There appears to be a lot more activity toward ending the U.S. government shut down which is now entering week three. The Senate has been involved in bipartisan talks attempting to reach a deal that would be acceptable to both Republicans and Democrats. However, House Republicans – who began work on their own legislation – have reportedly rejected the Senate’s proposal… just as the Senate will reject the House’s “anti-bipartisan” proposal.
The reported details of the two proposed deals appear to be remarkably similar in many respects. However, if either the House or the Senate refuse the other’s proposed solution, America ends up right back where it was two weeks ago: Nowhere, at the corner of Political Impasse.
And so we wait… again. And just to make things interesting, this week America will reach its borrowing limit (debt ceiling) which, if not dealt with quickly and appropriately, will send the U.S. economy into chaos.
In fluid situations such as these, one can normally predict what is likely to happen. But considering the varying levels of “unreasonable,” placing bets on what will happen is too tough to call. And sadly, “whatever is best for the country” seems to be a long shot.

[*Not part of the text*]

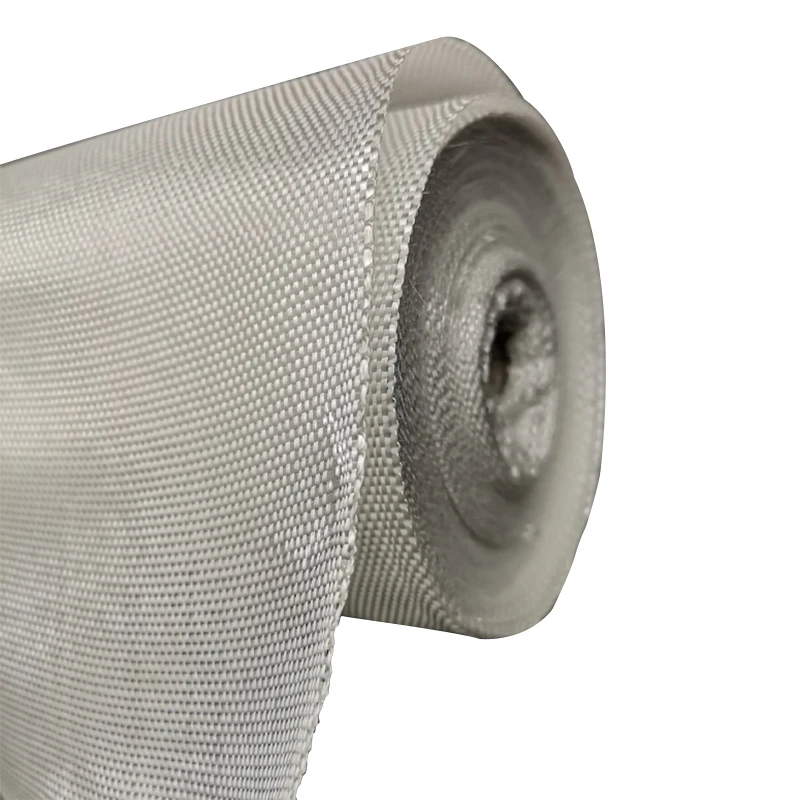Heat Resistance 0.2Mm Thickness Plain Woven Fiberglass Fabric Fiberglass Glass Fiber Cloth Roll for Cooling Tower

While we wait and ponder the “effectiveness” of Congress, permit me to make an observation.
Since I’ve been living in the U.S., I’ve noted during almost every political “crisis” – of which there is a surprisingly large amount for a mere four years – one word tends to pop up repeatedly: Revolution.
For the most part it’s subtle – mainly being in the comments section of articles – but the idea that a revolution is “needed” seems to inevitably pop up somewhere.
Does America need a revolution?
Now, Canadians are no stranger to revolution, but it doesn’t generally come up every time we’re disenchanted with our parliamentary system.
So, all I can think is: what a ridiculous notion.
There are people in other parts of the world presently engaged in revolutions to attain democracy. America already has democracy. The major problem – as I see it – is that too many people are willing to complain, but too few are willing to actually make a difference by getting involved.
If the system is broken, it’s up to the people (a.k.a. the electorate) to fix it.
In a country where more than 40% of voting-aged citizens don’t vote, it’s no wonder the system’s broken. You can’t complain the toy is broken when you don’t put all the parts together. In every part of the world Democracy comes with a label: “some assembly required.”
With that in mind, America does need a revolution; but not the kind where people take up arms against the government. The revolution that is needed is the kind where people get educated, get involved and get voting.
It’s not enough to complain that Congress doesn’t take ownership for the calamities that follow their bad decisions; it’s up to Americans to take ownership for putting them there, and collectively take action to fix the problem in the next election.
It’s not just Congress that needs to do its job; it’s up to the “People” to do their job too.